• **Record excerpts**:
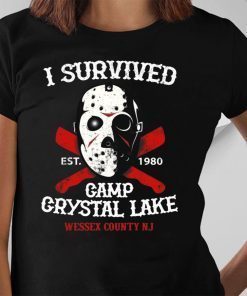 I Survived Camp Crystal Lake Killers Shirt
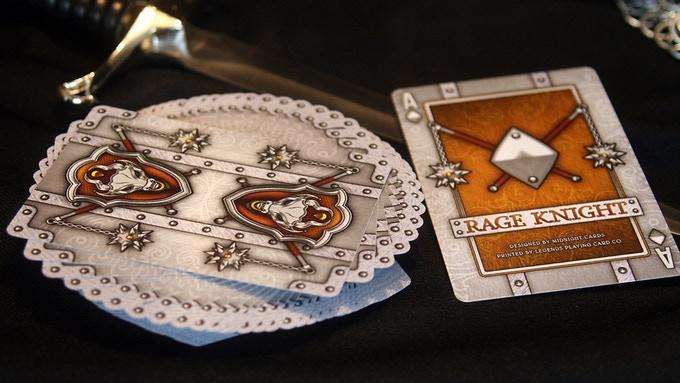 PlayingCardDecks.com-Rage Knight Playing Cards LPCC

--

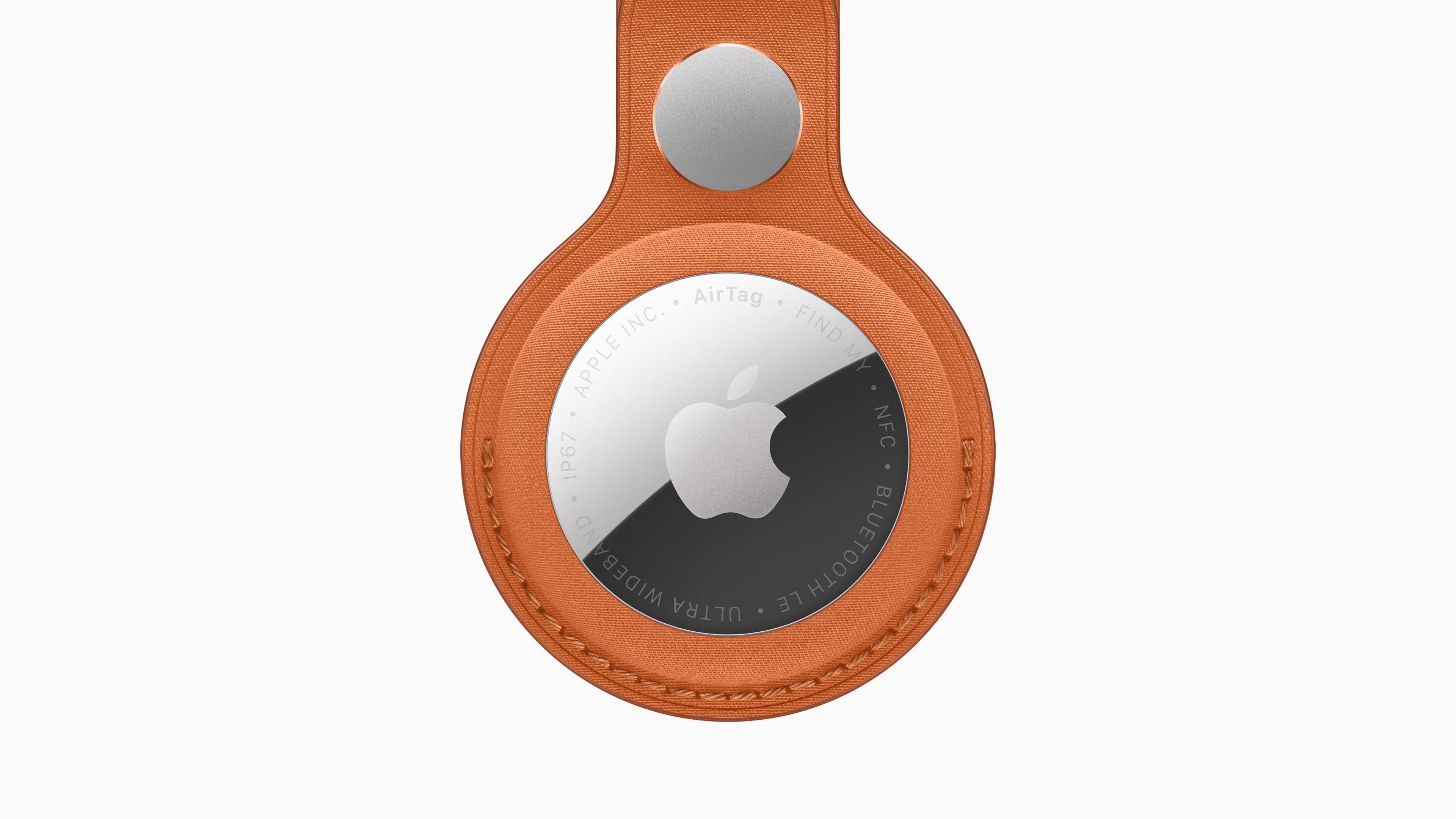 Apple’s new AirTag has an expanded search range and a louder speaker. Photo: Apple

• **Task brief**: Go back to the listing above and write out the lines starting at the one with "I Survived Camp Crystal Lake Killers Shirt" and ending at the one with "PlayingCardDecks.com-Rage Knight Playing", inclusive, exactly and without pictures.

• **Problem solution**:
 I Survived Camp Crystal Lake Killers Shirt
 PlayingCardDecks.com-Rage Knight Playing Cards LPCC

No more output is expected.